Setelah rapat darurat bubar, para jenderal berpencar—sebagian kembali ke rumah, sebagian kembali ke markas masing-masing.
Jenderal Wayne berjalan paling akhir, membawa map coklat berisi potongan artikel, laporan singkat, dan arsip-arsip dari berbagai titik teror yang baru saja mereka bahas.
Ia menuju mobil dinasnya, masuk, dan melaju keluar dari pusat kota. Bukan menuju rumahnya, melainkan ke sebuah kawasan pemukiman yang tenang—tempat yang ideal bagi seseorang yang ingin menjauh dari hiruk pikuk negara.
Mobil berhenti di depan sebuah rumah sederhana dengan teras kecil. Wayne mengetuk pintu tiga kali. Tidak keras, tidak pelan—cukup sebagai tanda.
Pintu terbuka.
Seorang pria setengah baya muncul. Rambutnya mulai memutih di sisi, namun sorot matanya tetap tajam. Bruce—mantan jenderal bintang empat, teman lama sekaligus seniornya ketika dulu masih bertugas. Dan salah satu otak strategis terbaik yang pernah dimiliki angkatan bersenjata.
Bruce menatap Wayne sejenak, lalu bergeser memberi jalan.
“Masuklah, Wayne.”
Wayne melangkah masuk. Interior rumah itu sederhana, hanya ada beberapa foto usang di dinding dan deretan piagam militer dengan warna yang mulai memudar. Jejak kejayaan masa lalu yang dibiarkan tetap terpajang.

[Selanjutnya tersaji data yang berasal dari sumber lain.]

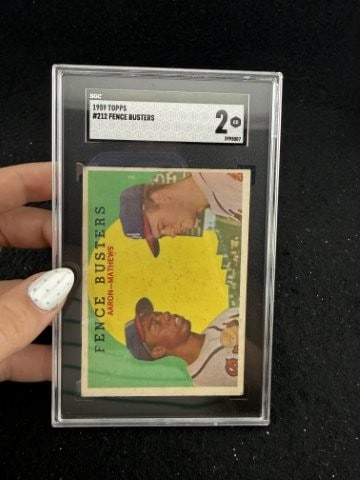 1959 Topps Fence Busters Baseball Card: KEY WORDS: INDIAN ARTIFACT ARTIFACTS ARROWHEAD ARROWHEADS NATIVE AMERICAN MISSISSIPPIAN QUAPAW CADDO POTTERY COINS MORGAN DOLLAR PEACE DOLLAR SILVER COINS. All coins have been Sigma tested for
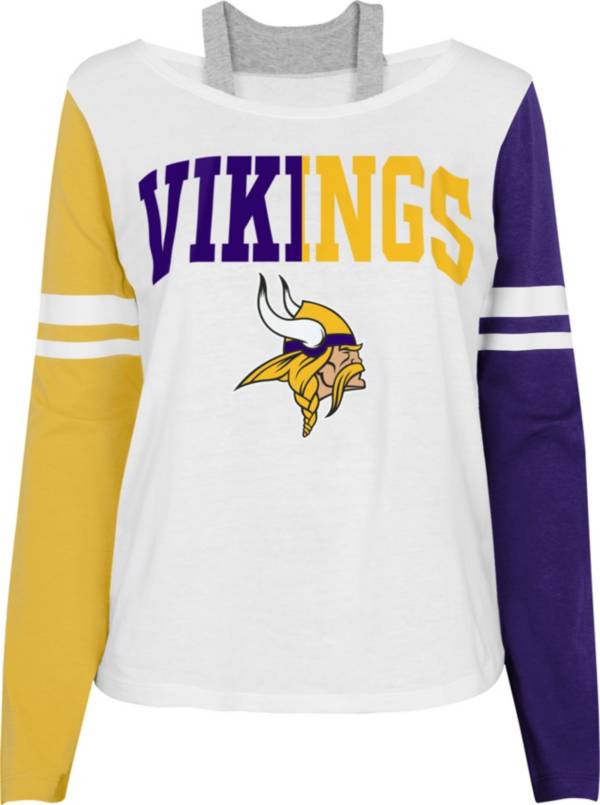 NFL Team Apparel Girl's Minnesota Vikings White Long Sleeve T-Shirt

Ia duduk di kursi kayu di depan meja bundar kecil.
“Lama tak berjumpa. Bagaimana kabarmu, Bruce?”
Bruce menutup pintu di belakangnya.
“Seperti yang kau lihat. Masih bernapas.” Nada suaranya datar—tidak berubah sejak terakhir kali Wayne mendengarnya.
Ia duduk berhadapan dengan Wayne. “Jadi… apa yang membuatmu datang kemari?”
Wayne meletakkan map coklat itu di atas meja, mendorongnya perlahan ke arah Bruce.
“Kau pasti tahu... beberapa bulan ini kota diguncang serangkaian serangan dan aksi teror.”
Bruce mengangguk pelan, matanya tetap diam pada Wayne. “Ya… aku melihatnya di berita.”
Wayne menarik napas dalam, menahan tekanan yang ia bawa sejak rapat tadi.
“Presiden mendesak penyelidikan penuh. Kami butuh jawaban cepat tentang siapa yang menggerakkan semua ini. Dan aku butuh sudut pandang dan penilaianmu.”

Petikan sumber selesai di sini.